The Complete Indian Regional Cookbook

By Mridula Baljekar

Published 2017

  • About

This popular and tasty dish, Cassoulet De Fruits De Mer, hails from the once French-occupied region of Pondicherry; the recipe itself comes courtesy of Mehernosh Modi, one of the most talented Indian chefs in England. It is delicious when accompanied by basmati rice.

Ingredients

  • 500 g/ lb mixture of white fish fillets and assorted seafood, such as prawns (shrimp), mussels, scallops, crab claws, and squid
  • 10 ml/2 tbsp sunflower oil or plain olive oil
  • 10–12 curry leaves
  • 1 medium onion, finely chopped
  • 200 ml/7fl oz/¾ cup canned coconut milk
  • 10 ml/2 tsp lemon juice
  • salt to taste

For the purée

  • 4 dried red chillies
  • 2.5 cm/1 in piece of fresh root ginger, roughly chopped
  • 3–4 garlic cloves, roughly chopped 10 ml/2 tsp coriander seeds
  • 5 ml/1 tsp cumin seeds
  • 2.5 ml/1 tsp ground turmeric
  • 6 black peppercorns
  • 15 ml/1 tbsp malt vinegar
  • sprigs of fresh coriander (cilantro), to garnish
  • Plain Boiled Rice, to serve

Method

  1. Shell, trim, devein and clean the seafood as required (see Fish and Shellfish in the Introduction chapter for further preparation instructions).

  2. Grind the chillies, ginger, spices and other purée ingredients to a coarse paste in a food processor or blender, or use a mortar and pestle.

  3. Heat the oil in a medium-sized shallow pan and add the curry leaves, followed by the chopped onion. Stir-fry over a medium heat for 4–5 minutes, until the onion is translucent, then add the puréed ingredients and sauté gently for 2 minutes.

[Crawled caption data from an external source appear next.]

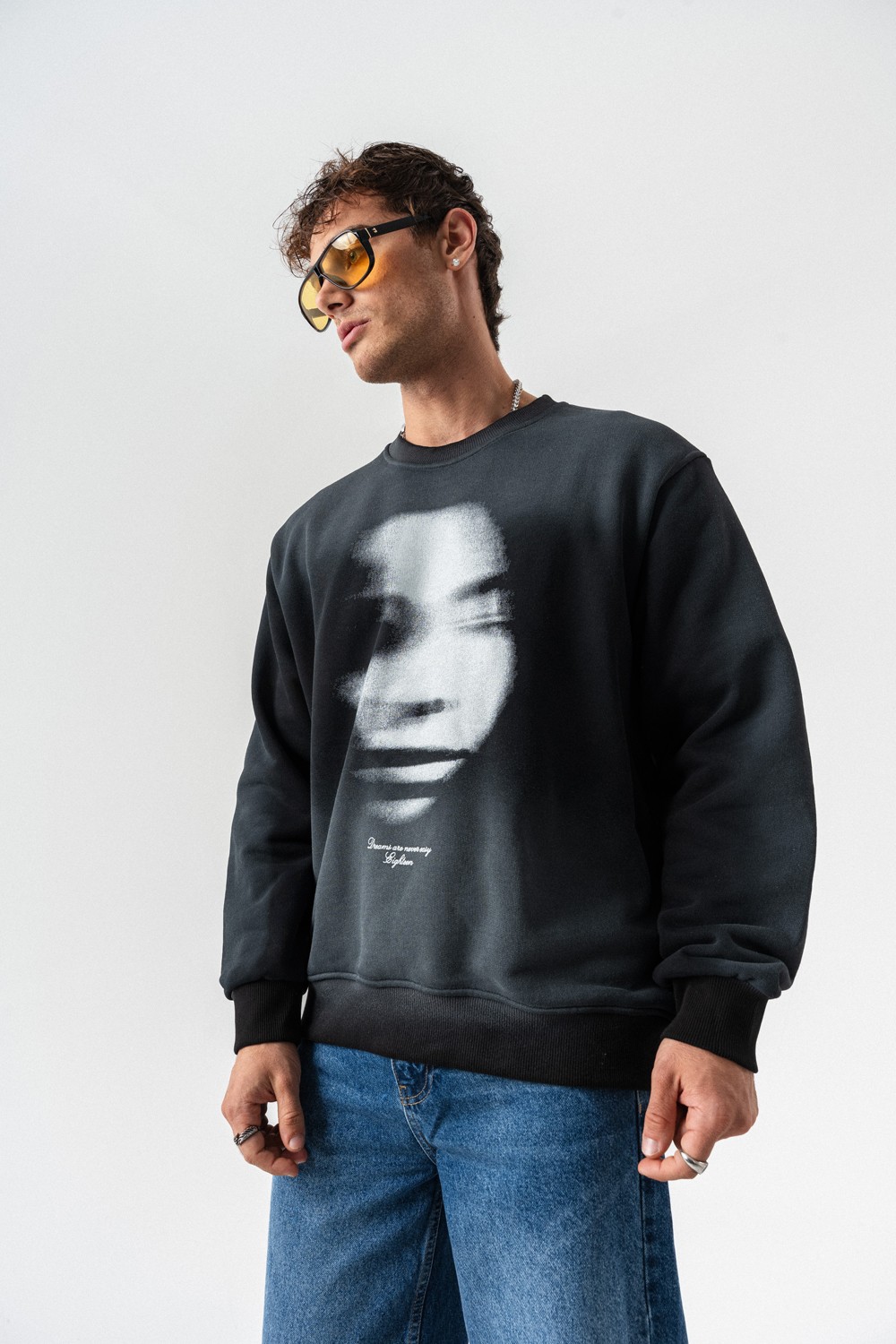 Foggy Yıkamalı Bisiklet Yaka Sweatshirt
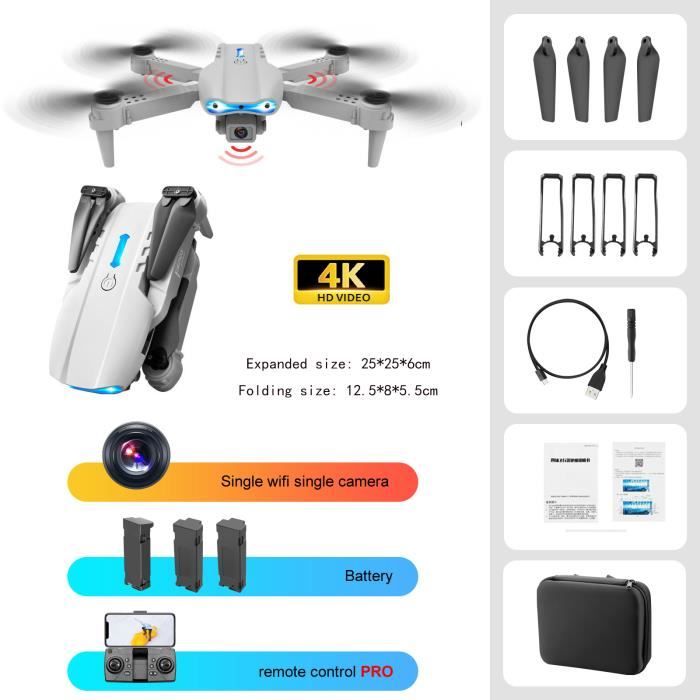 Funfob Pro Drone 4K HD Pliable – Hauteur Télécommandée – 3 Batteries – Caméra Grand Angle – Cadeau Pour Enfants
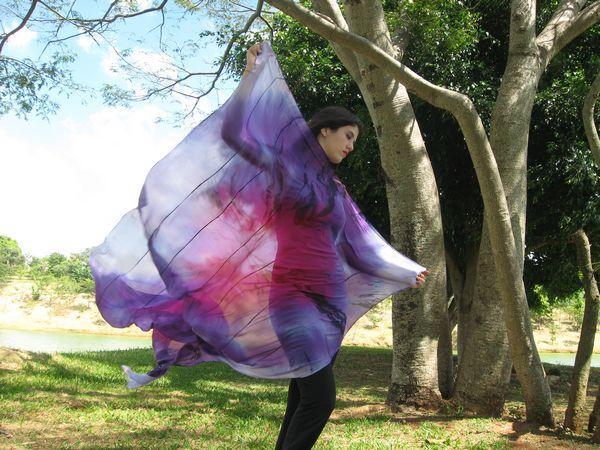 Véu de Seda Patchwork para Dança do Ventre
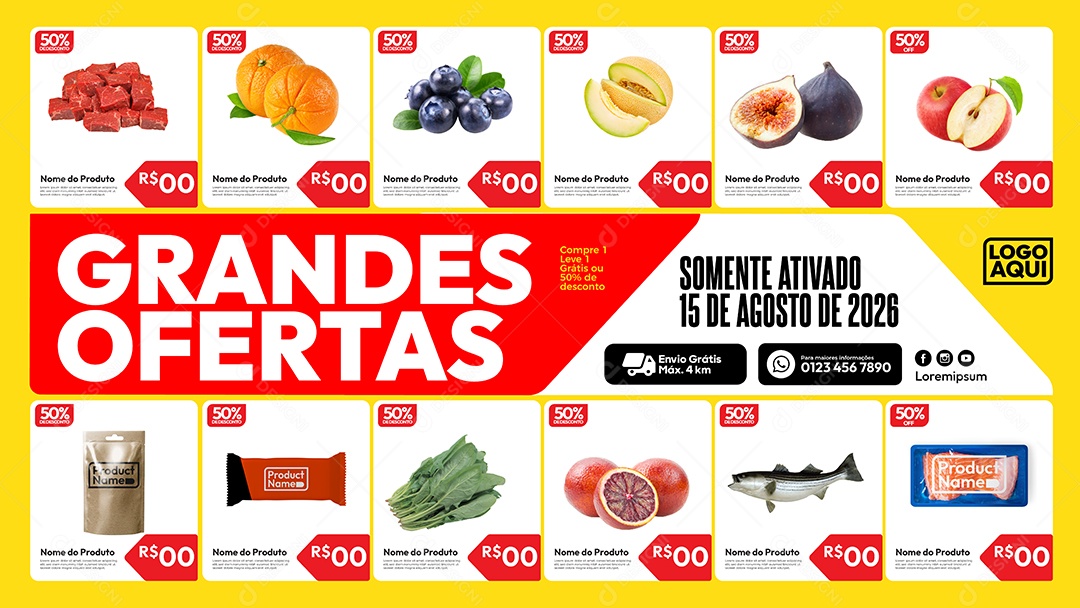 Social Media Banner Template Grande Ofertas Preço EPS Editável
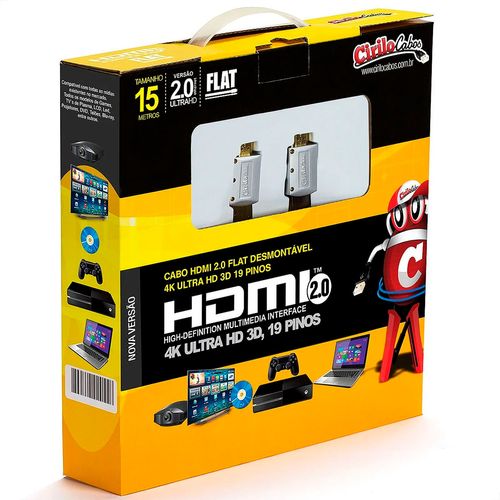 Kit 10 Cabos HDMI 2.0 Flat Desmontável,19 Pinos, 4K, Ultra HD, 3D, 15m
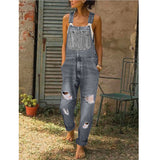 CHICMY- Casual Solid Ripped Slit Strap Sleeveless Regular Denim Jumpsuits with Front Pocket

  4. Add the seafood, but not the white fish. Stir gently and cook for 2 minutes more.

  5. Pour in the coconut milk, bring it to the boil, then add the white fish. Lower the heat and simmer for 5–7 minutes, until the white fish is opaque and cooked through.

  6. Add the lemon juice and salt and stir gently. Serve garnished with sprigs of fresh coriander and accompanied by Plain Boiled Rice.

Per portion Energy 218kcal/913kJ; Protein 25.3g; Carbohydrate 13g, of which sugars 8.1g; Fat 7.7g, of which saturates 1g; Cholesterol 58mg; Calcium 64mg; Fibre 1.4g; Sodium 136mg.